Secondly, with a document database, you lose the independence of your data access paths. People keep complaining that JOIN
s make your data hard to scale. Well, the converse is also true - Not having JOIN
s makes your data an intractable lump of mud. Consider a simple thing like an audit trail. In a document database, normally, this would be a set of embedded documents in the item being audited. Now, lets say you want to see a list of all the actions performed by a particular user. Boing! Trapped. You have to load every document in the database and extract the udit trail from it, then filter it in your app for the user you’re looking for. Just the thought of what that would do to my hardware was enough to turn me off the whole idea. JOIN
s are cool! And guess which problem you are more likely to have - needing joins, or scaling beyond facebook?

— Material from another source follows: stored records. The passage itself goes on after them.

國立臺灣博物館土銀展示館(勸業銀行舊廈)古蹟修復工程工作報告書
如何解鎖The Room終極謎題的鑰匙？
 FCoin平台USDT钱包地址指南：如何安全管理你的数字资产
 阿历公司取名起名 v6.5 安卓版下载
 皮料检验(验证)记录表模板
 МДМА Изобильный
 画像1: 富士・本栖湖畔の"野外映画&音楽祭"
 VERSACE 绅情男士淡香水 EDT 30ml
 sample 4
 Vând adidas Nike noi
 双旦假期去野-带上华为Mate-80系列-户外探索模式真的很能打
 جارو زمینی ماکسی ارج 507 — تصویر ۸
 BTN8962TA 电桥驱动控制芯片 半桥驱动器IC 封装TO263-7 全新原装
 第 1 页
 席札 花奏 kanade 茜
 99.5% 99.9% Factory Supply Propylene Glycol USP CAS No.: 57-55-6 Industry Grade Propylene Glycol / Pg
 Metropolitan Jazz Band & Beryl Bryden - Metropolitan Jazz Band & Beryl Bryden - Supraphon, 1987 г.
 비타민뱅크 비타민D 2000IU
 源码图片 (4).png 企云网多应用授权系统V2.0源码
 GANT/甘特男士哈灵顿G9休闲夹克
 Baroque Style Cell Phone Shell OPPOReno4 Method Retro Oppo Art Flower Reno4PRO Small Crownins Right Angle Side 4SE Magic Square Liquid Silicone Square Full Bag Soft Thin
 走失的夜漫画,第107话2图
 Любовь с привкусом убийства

Thirdly, mongodb is quite feature poor. Perhaps this has changed in the last few months, but when I last looked something as simple as case-insensitive search did not exist. The recommended solution was to have a field in the model with all your search data in it in lower case. Now my model, which I have carefully constructed so as to adhere to the Single Responsibility Principal needs to have callback hooks to save this search string everytime it is updated. And if I add a new field to the model? Time to regenerate all the search strings. I can only come to the conclusion that mongodb is a well-funded and elaborate troll.
Fourthly, and this one completely blew my mind - somewhere along the stack of mongodb, mongoid and mongoid-map-reduce, somewhere there, type information was being lost. I thought we were scaling hard when one of our customers suddenly had 1111 documents overnight. Imagine my disappointment when I realised it was actually four 1s, added together. They’d become strings along the way. Now in this case, perhaos the fault was mine but somehow, I can’t see this happening with Postgres. And when you add up all the hours it takes to deal with these niggling problems and the surprising lack of features, it all leads to some pretty obvious conclusions.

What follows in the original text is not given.